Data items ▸

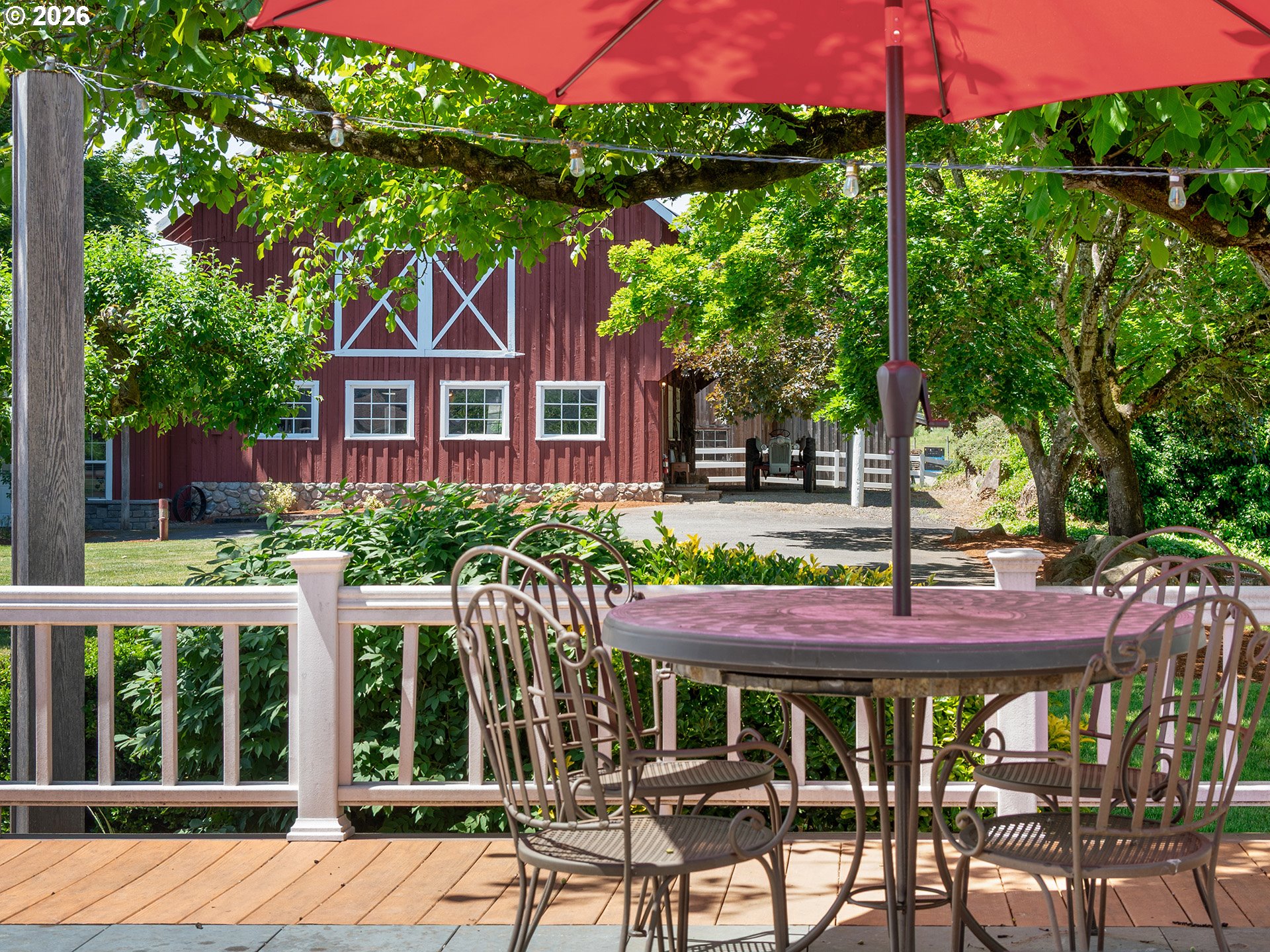 main property photo 25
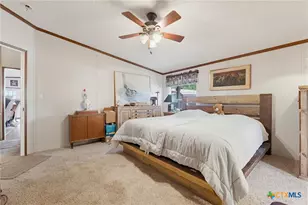 164 Co Rd 4450, Kempner, TX 76539 - Photo 15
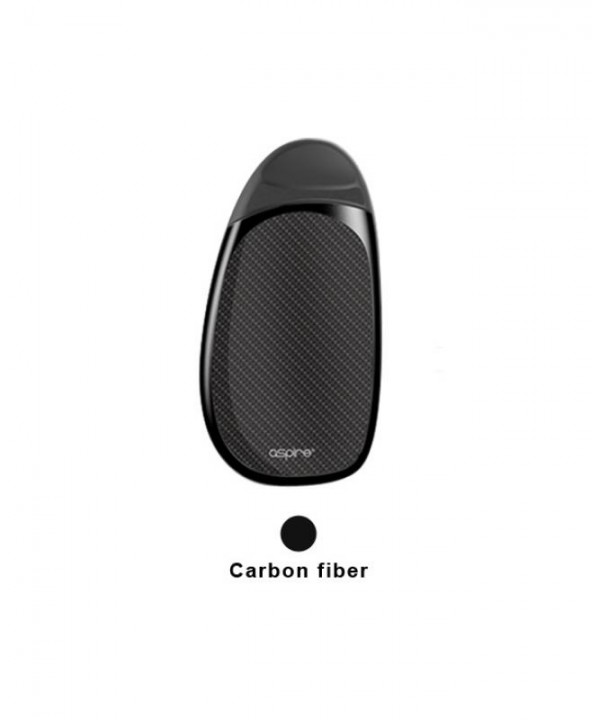 Aspire Cobble AIO Pod Starter Kit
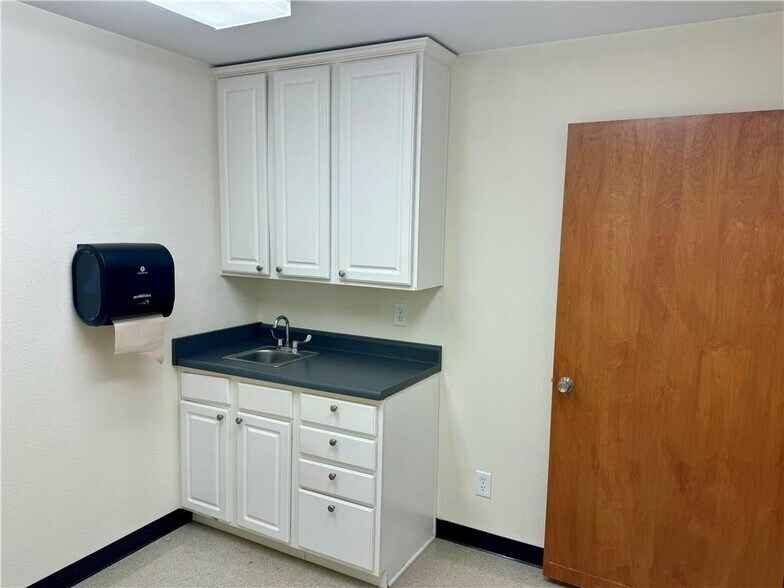 More Photos Of 203 E Main St, Drexel General Retail For Sale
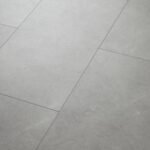 CORETEC CERATOUCH DOME 0693B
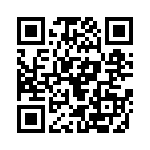 1025R-28J QRCode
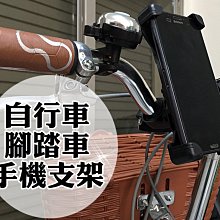 現貨【實體店面可自取】三支裝羽拍袋【現貨供應】【熱銷款】【可裝3-4支球拍】 歷史價格詳細信息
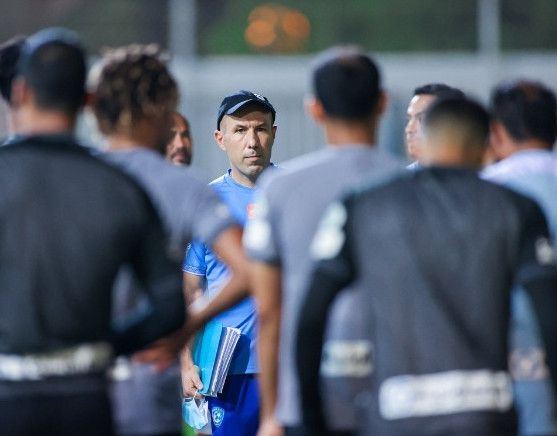  ليوناردو جارديم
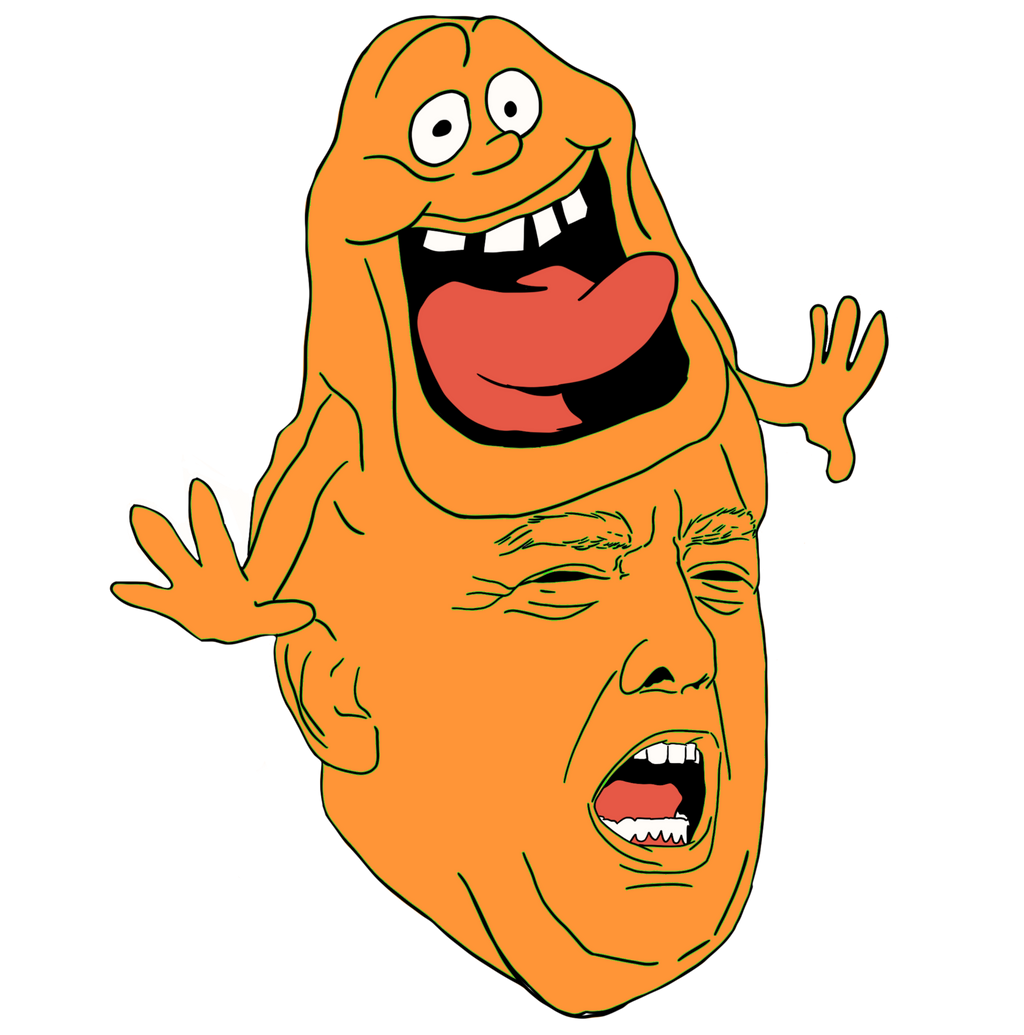 D J SLIMER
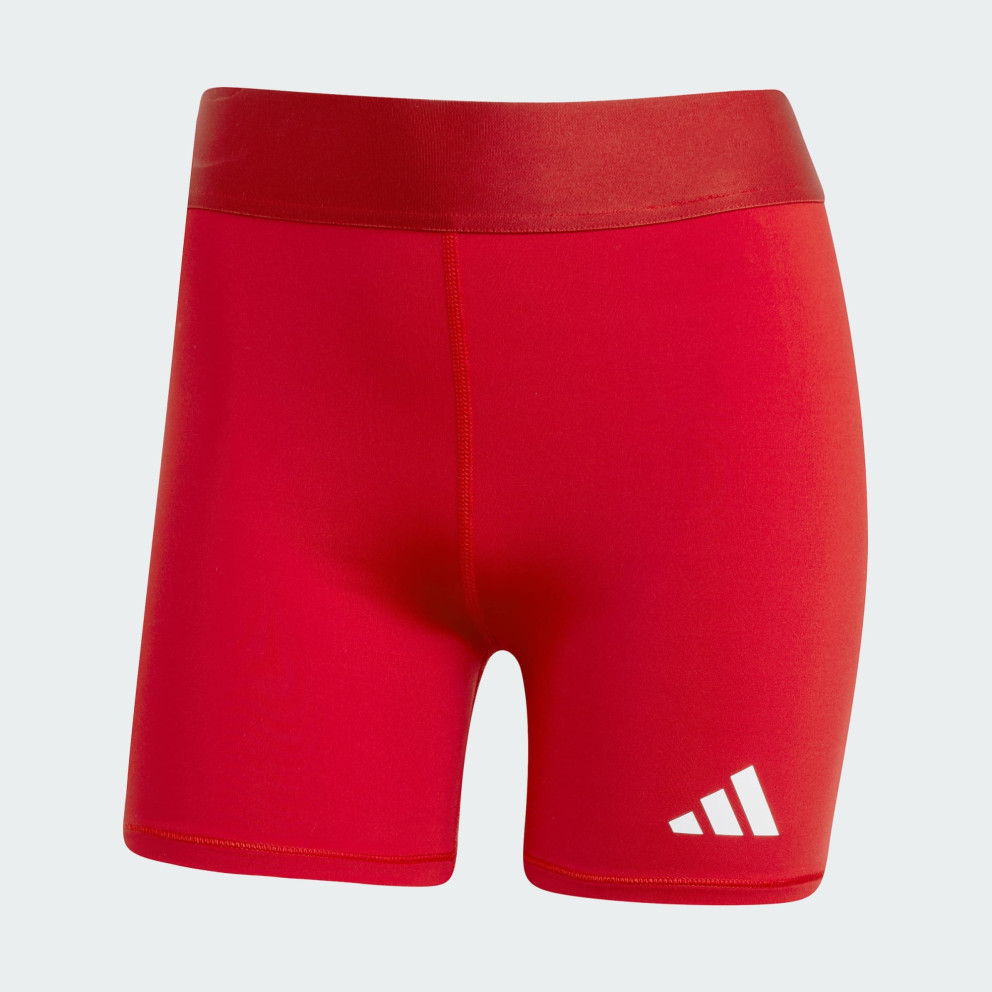 adidas Techfit Volleyball Shorts
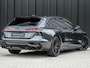 Audi A6 Avant 3.0 TFSI 368PK Quattro S-Edition | Achterasbesturing | B&O | Head-up | Luchtvering | 360 Camera | Carbon inleg | Panoramadak | Soft close | Memory seats | Elektr. verst. stuur |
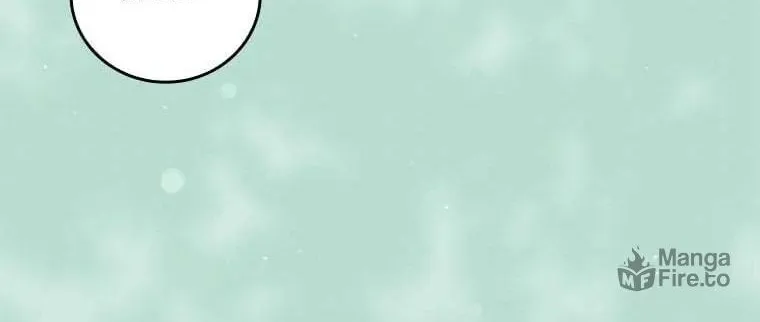 The Perfect Plan for a Fairy-Tale Ending Chapter 66 page 54 - 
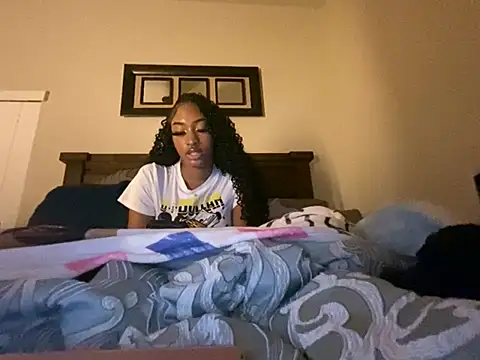 Brooke012 online show from 03/10/26, 05:56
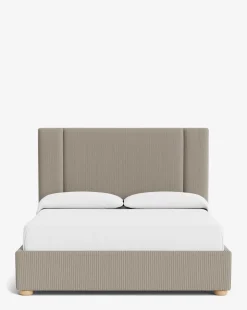 Mina Bed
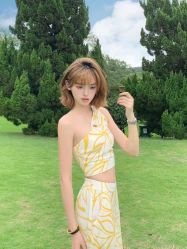 -BABY FACE沙龙
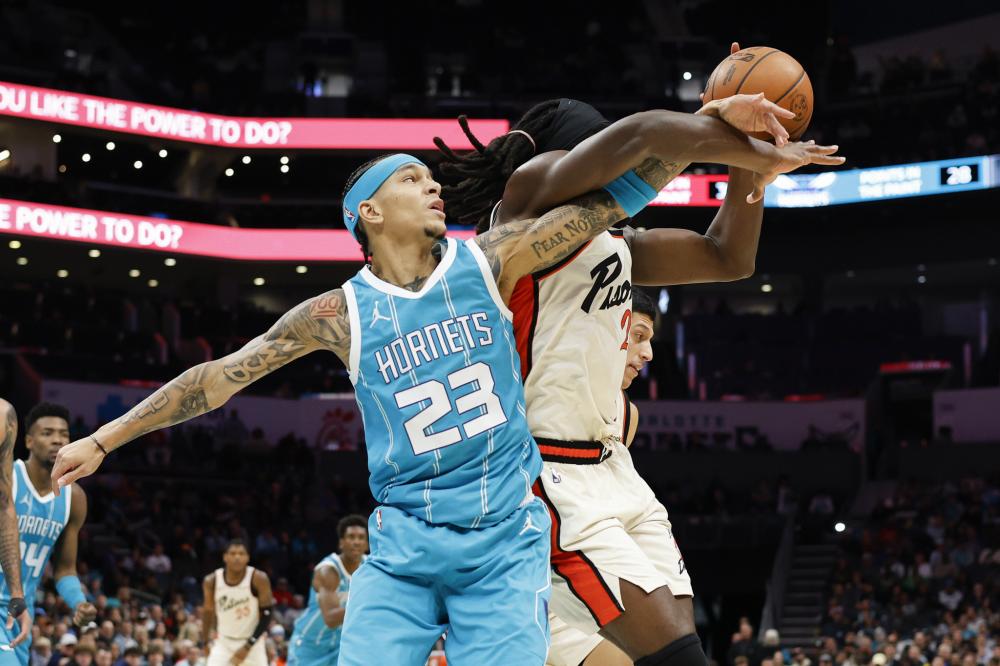 与十多年前 与十多年前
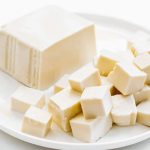 Tofu: benefici per la salute, utilizzi e possibili rischi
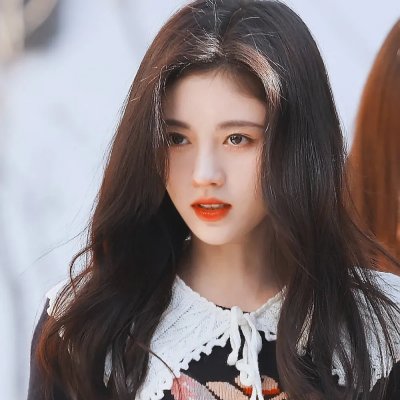 葛莱哥里的女友
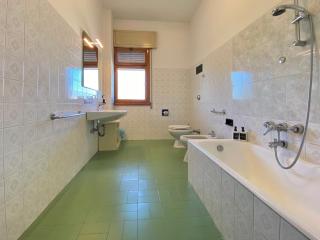 Appartamento con piscina termale - Abano Terme - 6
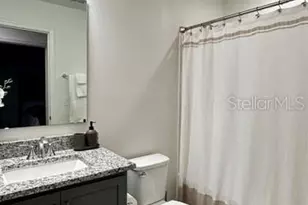 710 Stoney Point Circle, Davenport, FL 33896 - Photo 10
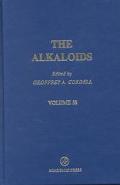 Book The Alkaloids (Volume 58) free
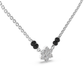 Shree Sankalp Mangalsutra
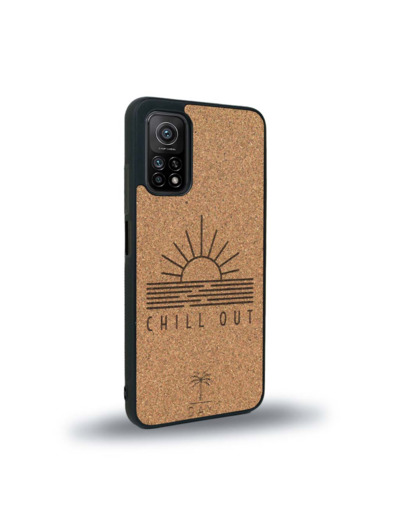 Coque Xiaomi Mi 10 Lite - La Chill Out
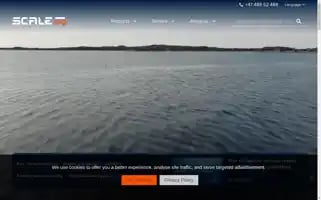 Scaleaq.com Screenshot 2024-06-11 12:50:08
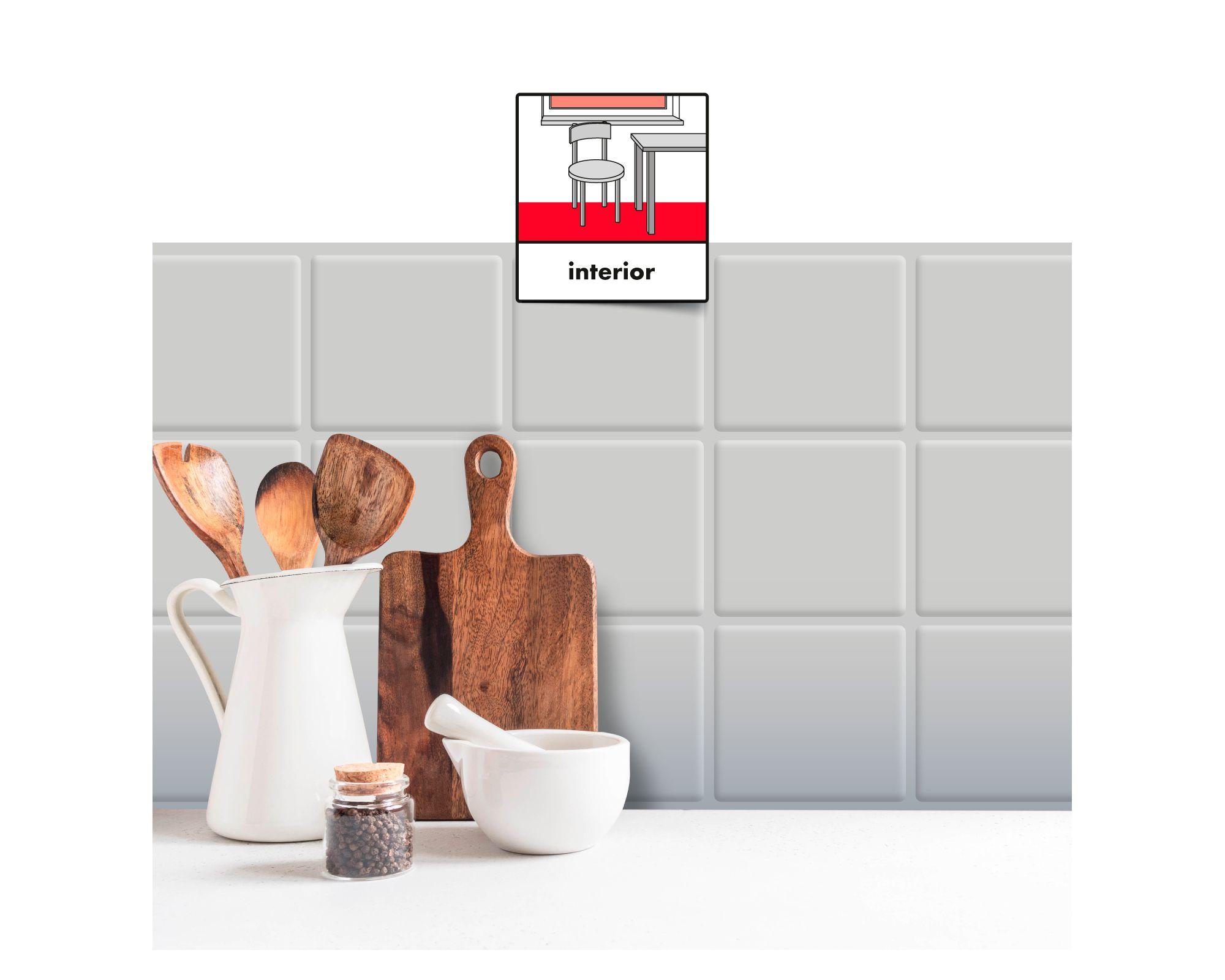 Fragüe 5 kg Flex ostra Bekron-4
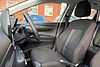 Hyundai I20 1.0 T-GDi Advance 5dr DCT Grey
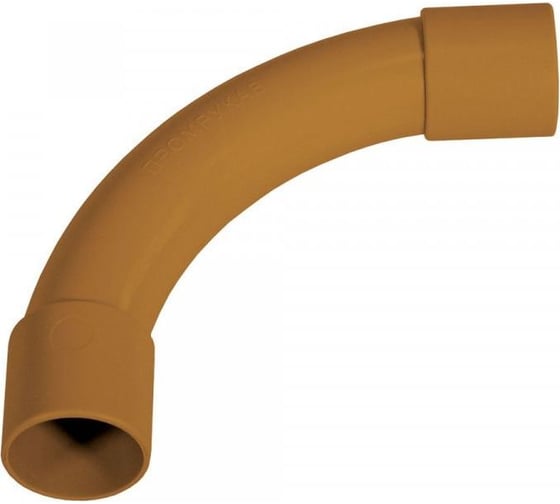 Изображение товара Угловой соединитель Промрукав бук д16 5шт PR13.0239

WHAT THE EXERCISE ASKS ▸ Print verbatim every line above, apart from the pictures.

YOUR SOLUTION ▸
 main property photo 25
 164 Co Rd 4450, Kempner, TX 76539 - Photo 15
 Aspire Cobble AIO Pod Starter Kit
 More Photos Of 203 E Main St, Drexel General Retail For Sale
 CORETEC CERATOUCH DOME 0693B
 1025R-28J QRCode
 現貨【實體店面可自取】三支裝羽拍袋【現貨供應】【熱銷款】【可裝3-4支球拍】 歷史價格詳細信息
  ليوناردو جارديم
 D J SLIMER
 adidas Techfit Volleyball Shorts
 Audi A6 Avant 3.0 TFSI 368PK Quattro S-Edition | Achterasbesturing | B&O | Head-up | Luchtvering | 360 Camera | Carbon inleg | Panoramadak | Soft close | Memory seats | Elektr. verst. stuur |
 The Perfect Plan for a Fairy-Tale Ending Chapter 66 page 54 - 
 Brooke012 online show from 03/10/26, 05:56
 Mina Bed
 -BABY FACE沙龙
 与十多年前 与十多年前
 Tofu: benefici per la salute, utilizzi e possibili rischi
 葛莱哥里的女友
 Appartamento con piscina termale - Abano Terme - 6
 710 Stoney Point Circle, Davenport, FL 33896 - Photo 10
 Book The Alkaloids (Volume 58) free
 Shree Sankalp Mangalsutra
 Coque Xiaomi Mi 10 Lite - La Chill Out
 Scaleaq.com Screenshot 2024-06-11 12:50:08
 Fragüe 5 kg Flex ostra Bekron-4
 Hyundai I20 1.0 T-GDi Advance 5dr DCT Grey
 Изображение товара Угловой соединитель Промрукав бук д16 5шт PR13.0239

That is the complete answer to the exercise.